→ DIRECTIONS FOR THIS TASK
Please set down the entire listing exactly.

INFORMATION PROVIDED START

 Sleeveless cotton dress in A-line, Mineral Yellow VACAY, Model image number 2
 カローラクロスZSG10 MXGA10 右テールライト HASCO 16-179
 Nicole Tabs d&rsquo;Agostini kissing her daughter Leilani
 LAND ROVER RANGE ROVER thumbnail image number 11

INFORMATION PROVIDED END

→ RESPONSE TO THIS TASK
 Sleeveless cotton dress in A-line, Mineral Yellow VACAY, Model image number 2
 カローラクロスZSG10 MXGA10 右テールライト HASCO 16-179
 Nicole Tabs d&rsquo;Agostini kissing her daughter Leilani
 LAND ROVER RANGE ROVER thumbnail image number 11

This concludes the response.